_COLLECTED MATERIAL_

---------------

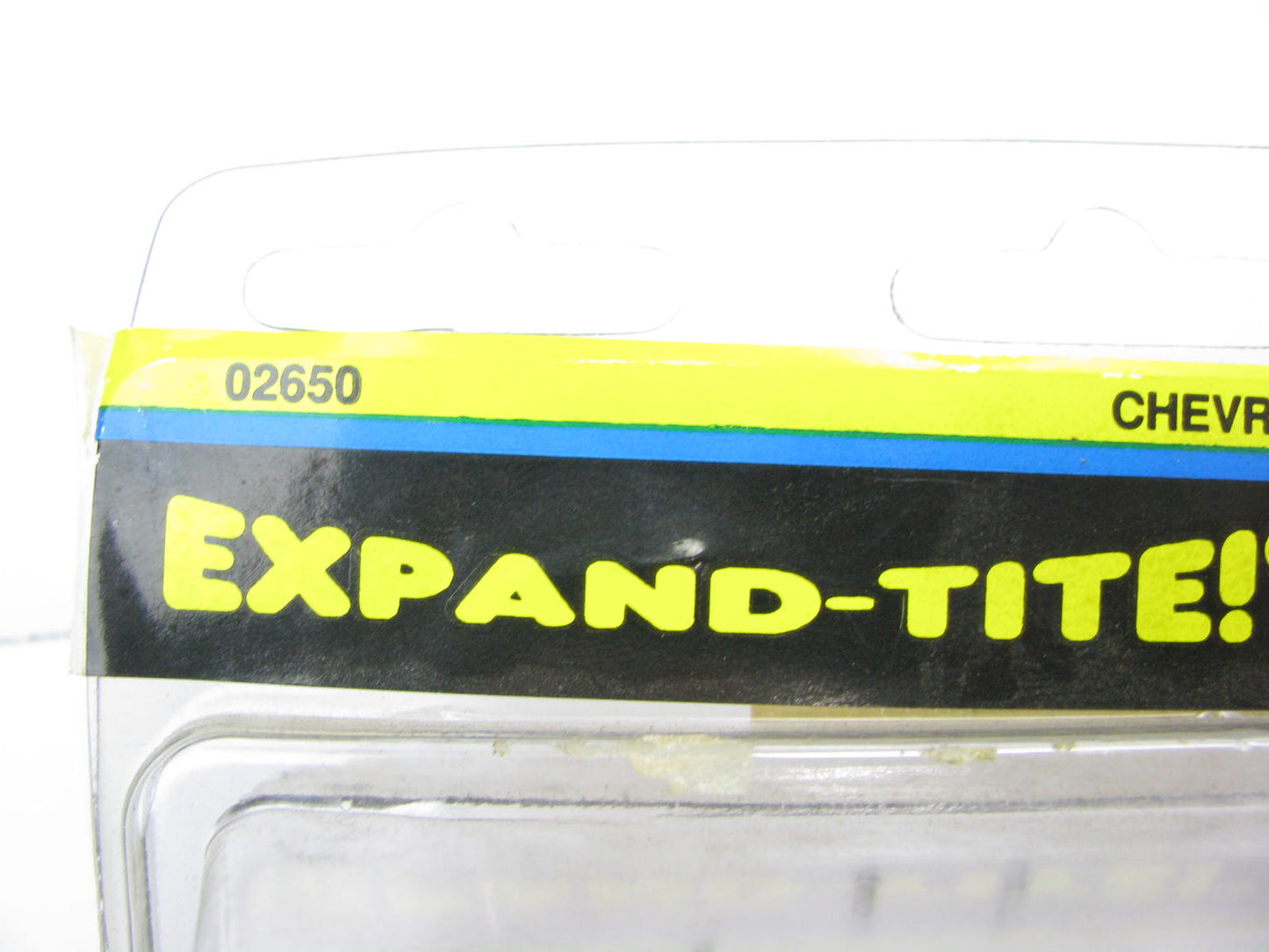 Expand-tite 02650 Freeze Expansion Plug Set For 1965-1996 Chevrolet SBC V8 V6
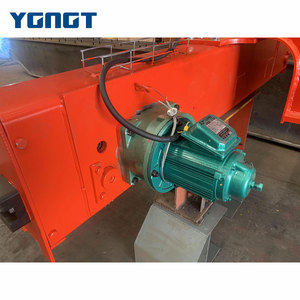 Chariot d'extrémité de <span class=keywords><strong>meilleur</strong></span> prix de haute qualité pour la grue de pont à poutre unique de 2ton 3ton 10ton - Product Image 3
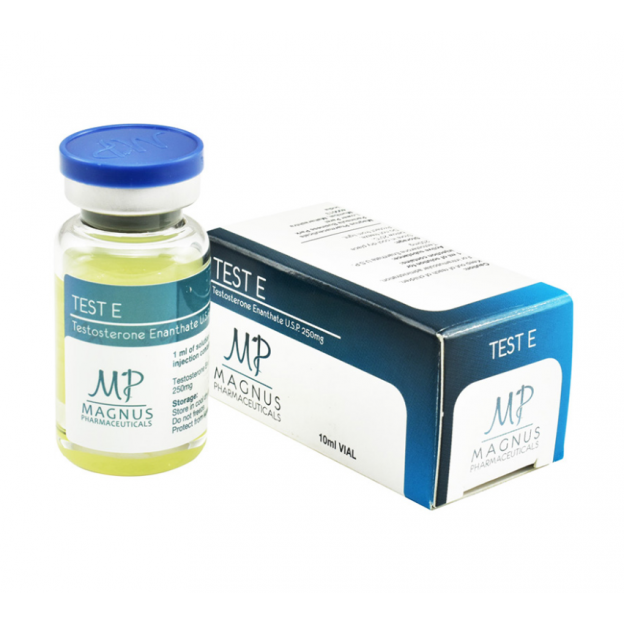 Test E Magnus Pharma 10ml [250mg/ml]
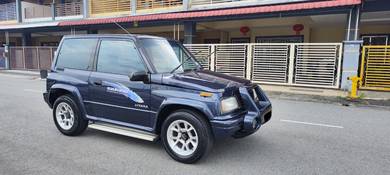 Suzuki VITARA 1.6 (A) 1 Owner, King Condition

---------------

_EXERCISE_
The answer should be the full material above, printed exactly, with no pictures in it.

_TASK SOLUTION_
 Expand-tite 02650 Freeze Expansion Plug Set For 1965-1996 Chevrolet SBC V8 V6
 Chariot d'extrémité de <span class=keywords><strong>meilleur</strong></span> prix de haute qualité pour la grue de pont à poutre unique de 2ton 3ton 10ton - Product Image 3
 Test E Magnus Pharma 10ml [250mg/ml]
 Suzuki VITARA 1.6 (A) 1 Owner, King Condition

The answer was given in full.